A mio parere occorre prendere atto che la ferma non è solo una reazione automatica del cane all’emanazione del selvatico, percepita attraverso la potenza olfattiva, ma è l’esito di un processo assai più complesso, rivelatore di un talento, ancora poco conosciuto, che consente a chi ne è dotato di INFLUENZARE il comportamento del selvatico fermato.

Poiché la “ferma utile” esalta la “resa venatoria” del cane da lavoro, mi sono sforzato di capirne il meccanismo per cercare di stabilizzarla ereditariamente con una pressione selettiva (accrescitiva o direzionale), ma non sono riuscito a conseguire alcun risultato concreto.

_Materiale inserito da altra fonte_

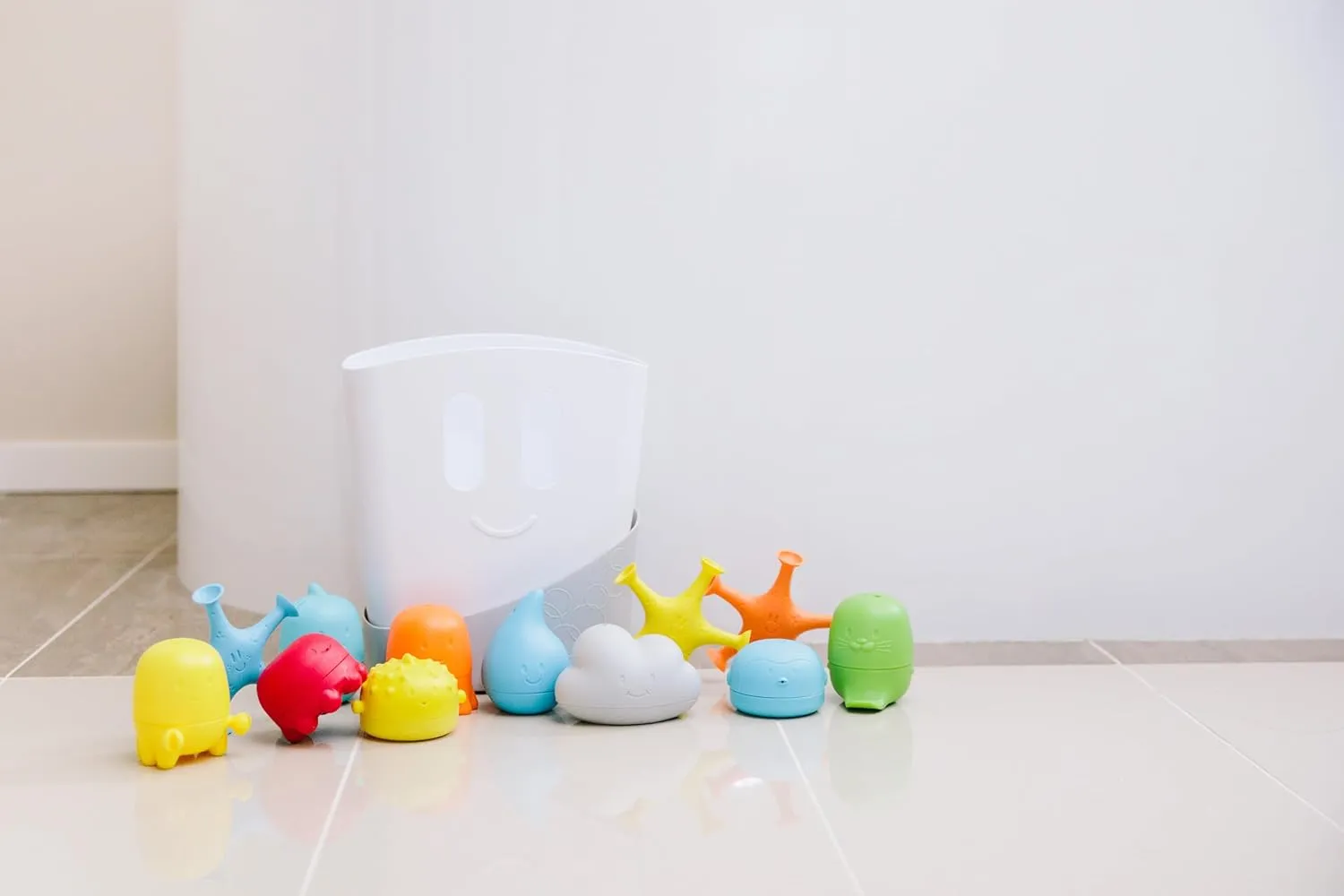 Bath Toy Bin$ Dishwasher Safe$ White Ubbi Baby Bath Time Essential Gift Set$ unconventional recurring seal luminous multitude bryn Stand Up Draining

Solo in negativo, posso dire che questa dote non dipende dalla potenza dell’olfatto, né dall’esperienza, né dalla distanza alla quale viene fermato il selvatico, né da altre condizioni contingenti (vegetazione, vento, stato del selvatico).

Aggiungo che essa è assai poco sensibile alla pressione selettiva, perché si trasmette per via ereditaria, ma in modo capriccioso e imprevedibile.

Ipotizzo che possa trattarsi di una forma particolarmente sviluppata dell’istinto venatorio comune a tutti i cani (in varia misura), analogo al senso del selvatico, o al senso dell’orientamento.

Poiché nell’intelligenza del creato nulla avviene per caso, è plausibile ipotizzare che essa vada ricondotta al rapporto che corre in natura tra predatore (antenato del cane) e preda, le cui rispettive tecniche offensive e difensive sono improntate a criteri di compatibilità, finalizzati alla sopravvivenza di entrambe le specie che spiegano la coevoluzione simmetrica di valori adattativi.

In questa ottica il cane che possiede talento riesce a modulare la propria azione in modo da vanificare le normali tecniche elusive e difensive della preda determinandone la reazione nel senso voluto dell’immobilità a terra.